Kathleen Hall Jamieson of Penn’s Annenberg reports on a survey they conducted that illuminates the fragmention argument of the echo chamber: They found that people who watch Fox News are more likely to watch presidential debates; they believe that means that exposure to one side in politics still drives interest in the debate.
Kovach tells a tale of one election — he does not say where — that has descended into rabid mudslinging. But the local paper looked into and profiled both candidates and found them both to be qualified, caring, decent. Political consultants told the paper that the real goal of the mudslinging was to depress voter turnout. I’m not sure I understand the logic. In any case, Kovach said the paper saw it as its goal to reveal that to the public and to ask whether that is their reaction to the mud.

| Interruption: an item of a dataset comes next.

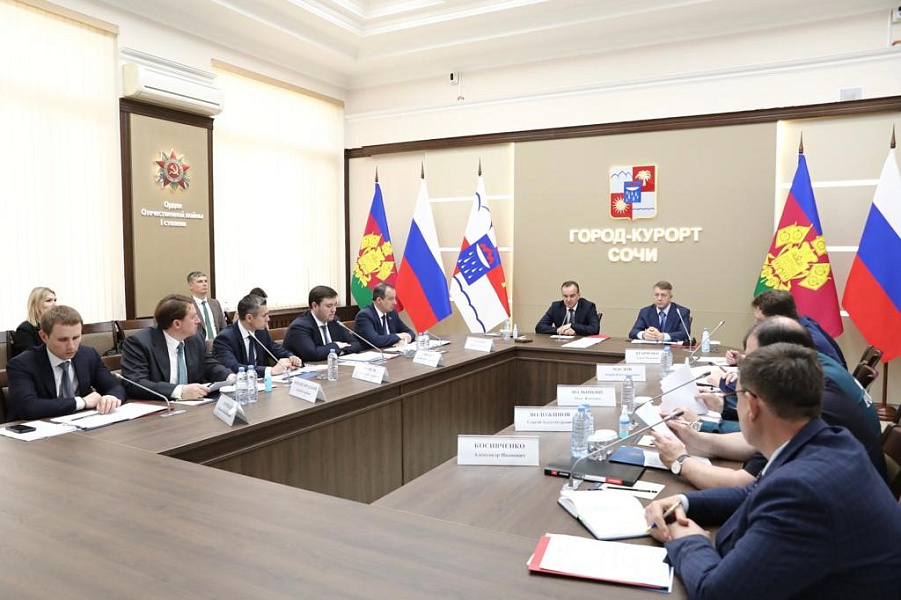 Состоялось заседание антитеррористической комиссии в Краснодарском крае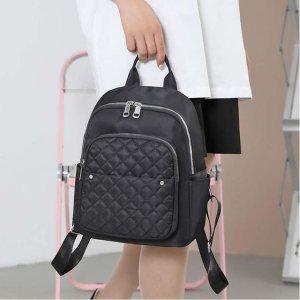 60대 여자여행용백팩 미니트윌백팩 중년여성가방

Jamieson adds that news concentrates on attacks not advocacy in their coverage and give the perception that Congress is at war. Hertzberg says that in the vast majority of elections, voting is pointless because most seats are safe. Thus, he says, “grassroots politics really doesn’t pay” – that is, getting more votes for the losing side really gets you nowhere. He says that the real goal of attacks ads is not to depress turnout “but to depress the other guy’s turnout more than your own; it’s a zero-sum game.”
Mark McKinnon, chief media advisor to Bush and a lecturer here, says politics is no coarser than it was 100 years ago. Jamieson says that conflict helps differentiate the candidates; conflict is not bad but illegitmate conflict is bad. MacKinnon says that truth tests on political ads has been ” healthy development.” (MacKinnon, by the way, also says that he anticipates an explosion of campaign video — by anyone — on YouTube. He also knows that more and more people will use video to cover campaigns.)
Jamieson says that the media story on politics is not all bad. Newspaper readership correlates very positively to good political knowledge. That’s because papers have more space. The internet has that space, too, she says, and she sees that as a very hopeful sign.
Jamieson says that she likes the term “citizen journalist” because it stars with the assumption that you are a citizen at a time when we are concerned with making more people act as citizens. (I still recanted its use.) Gowing says the BBC does not use “citizen journalist” but instead talks about “user generated” because they believe their must be a line between gathering and editing.